Dans une interview, Édouard Balladur annonce qu’il ne faut attendre “aucune repentance” de sa part sur le rôle de la France durant le génocide au Rwanda, en 1994. Cette déclaration du Premier ministre de l’époque survient alors que les débats sont vifs après la remise du rapport Duclert, qui n’est pas pour flatter son auteur, estime cet éditorialiste burkinabé.

Aurait pu bien faire, mais pas de quoi fouetter un chat ! Les éventuelles repentances et quelques brins de regrets ? Circulez, Balladur n’en a cure ! Tout juste l’ancien chef de gouvernement se borne-t-il, sibyllin, à évoquer la pulvérisation de l’avion du président rwandais Juvénal Habyarimana le 6 avril 1994 [élément déclencheur du génocide] et les doigts accusateurs sur le FPR [Front patriotique rwandais, du président actuel, Paul Kagamé] pour justifier l’abjection !

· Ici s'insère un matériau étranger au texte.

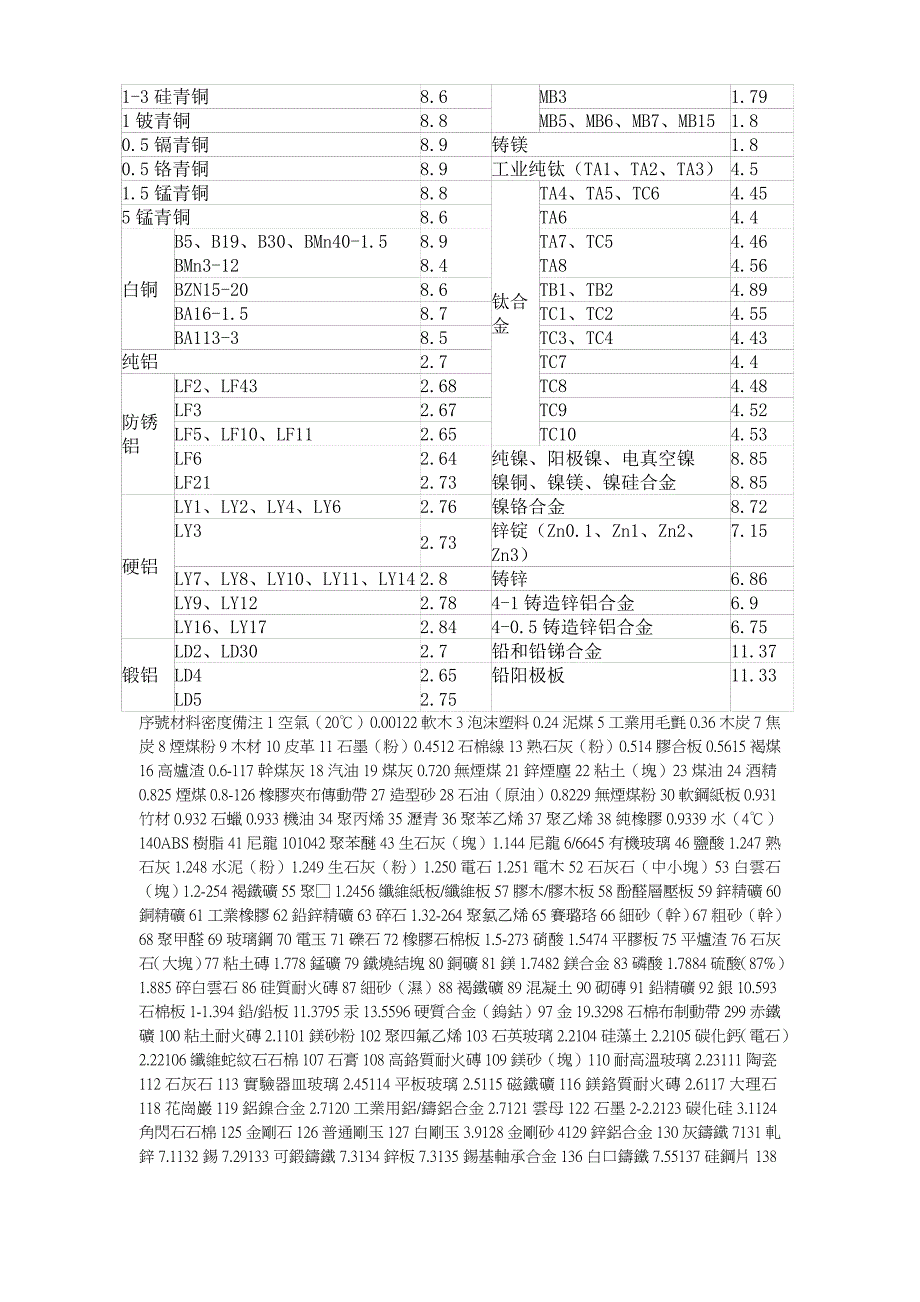 常用金属材料密度表汇编_第2页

Tirant la couverture à lui, il indexe les boutefeux de l’entourage du président de gauche Mitterrand, lesquels va-t-en-guerre voulaient une équipée coloniale punitive, alors que lui tempéraient les ardeurs. Et s’il a encouragé Mitterrand à mettre les pieds au pays des Mille Collines [comme on surnomme le Rwanda], c’est juste à titre humanitaire, circonscrit dans le temps et l’espace.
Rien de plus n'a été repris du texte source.